There are some people that are so one track minded with their musical tastes that they don’t give anything else a shot. Some people will argue that the great “songwriter” doesn’t exist.
“They don’t write them like they used to” they’ll say. Or even; “There’ll never be another Bob Dylan,” or “Pink Floyd is untouchable,” which can get frustrating, especially when the same people are yelling to get off their lawn (seriously, you don’t want screw with those PH levels). People forget that every single day there’re great songs being written. So here’s a list of bands/artists who are the best songwriters of our time.
Jack White – “Love Interruption” A friend once told me that Jack White is the Bob Dylan of our generation — to which I argued immediately probably just to be indignant. Then after much deliberation and a couple beers, I admitted defeat. He is our Bob Dylan. Let’s look at it from a musical standpoint: He’s been on the charts pretty much every year since The White Stripes became popular in 2001, he owns his own record label, records and produces himself and other bands, he slays (underline) on the guitar (rated #70 on The Rolling Stones Greatest Guitarists of All Time), and let’s not forget that he wrote “Blunderbuss” — one of the best albums of the last decade. If that’s not enough to convince you, Bob Dylan has even given him the musical nod by touring with him.
Feist – “A Commotion” Feist has carved her own niche in the music industry. She’s done so much from her early beginnings with Broken Social Scene, to her fantastic latest album Metals. She’s a composer and songwriter of the upper echelon. If you don’t believe me, listen to the rises and falls of the orchestra in this song.
Beck – “Girl” Alright, think about it.

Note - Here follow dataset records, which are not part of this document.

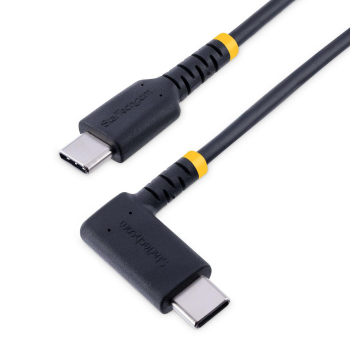 StarTech.com R2CCR-30C-USB-CABLE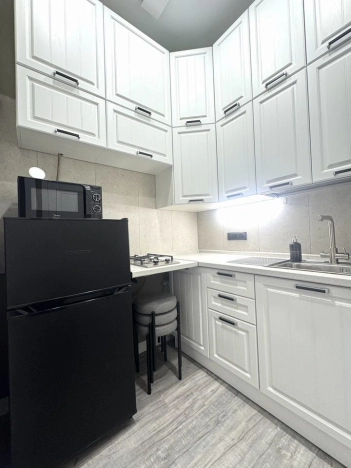 Купить однокомнатную квартиру в районе Кировский в Ростове-на-Дону. Вариант № 3474101, 9, площадь -  квм, цена 7200000 рублей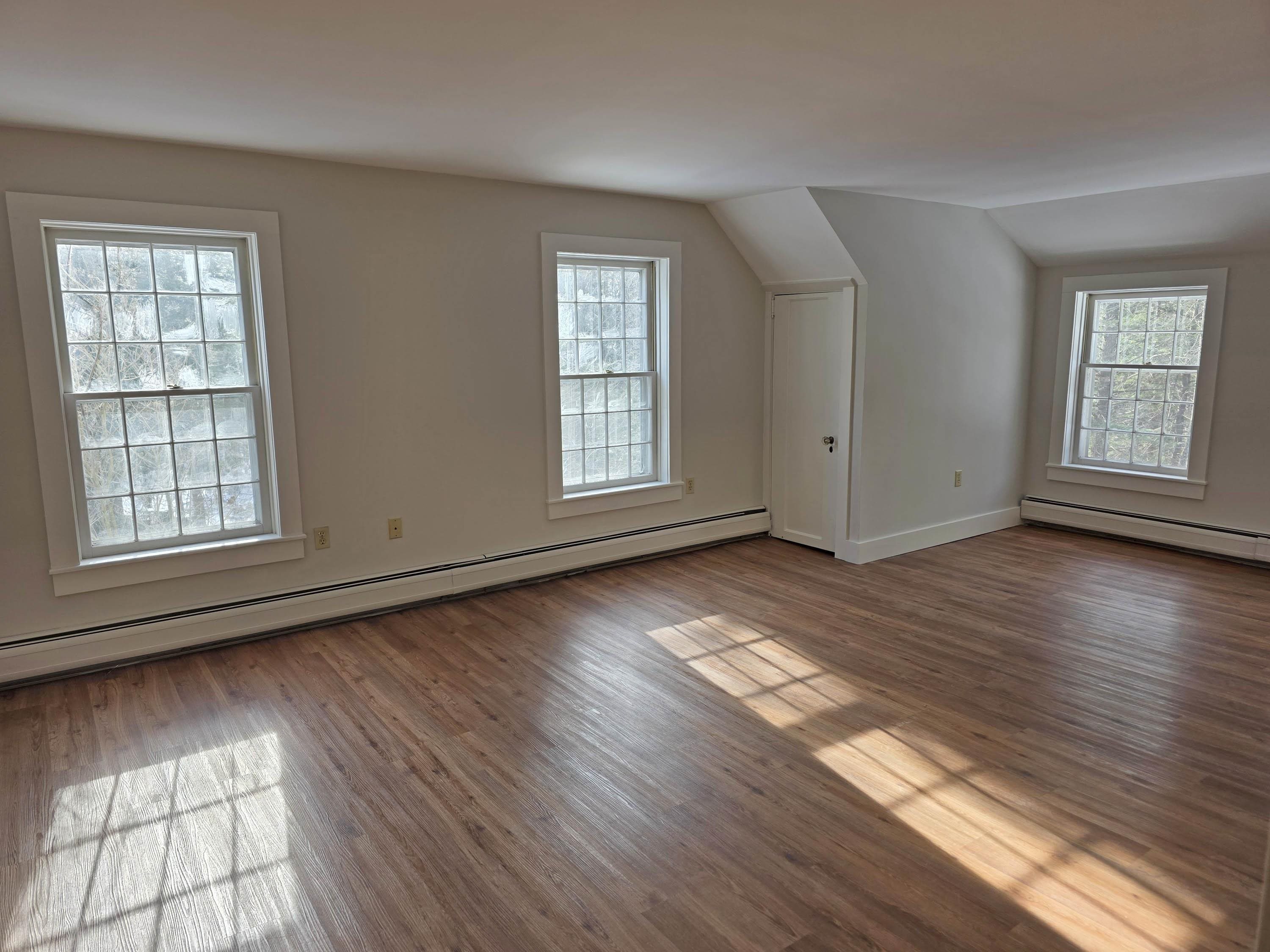 618 Shearer Hill Road Marlboro, VT 05301 - Photo 16 of 29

Beck’s been at it since Loser came out in ‘94 and still continues to be relevant. He’s always growing his sound and trying new things. From accessible radio friendly songs to sludge rock grinders, the guy has it going on.
Eddie Vedder – “Society” Is there much explanation needed as to why the Pearl Jam frontman is on the list? If so, he released a whole album with a ukulele… And it was GOOD.
Arcade Fire – “The Suburbs” Twenty years from now, we’ll be forcing our kids to listen to this whole album. The Suburbs is an album that will sum up an entire generation much like Sgt. Pepper’s did. Every word, every note played on this one is gold. So yeah, you could say they’re pretty good.
Dawes – “If I Wanted Someone” Marcus Mumford (from Mumford and Sons) said that Dawes are the best songwriters in America. Which is a high accolade from that artist, but there’s truth in it. They’re also touring with Bob Dylan (it always comes back to Dylan). This is one of those tunes where a single line has given me goosebumps:“We need words to be put to what we do not understand.”
Black Mills – “Hey Lover” Black Mills is in the same vein as Dawes. In fact, the singers used to play in a band together back in high school. There must be something in the water there because they’re both unstoppable with their lyrics. I haven’t stopped listening to this song since I discovered it. Its chorus is catchy and with lines like “Someone plays a solo on the saxophone/Oh, you never seen someone throw their head so low,” it keeps you coming back and delving into Blake’s discography.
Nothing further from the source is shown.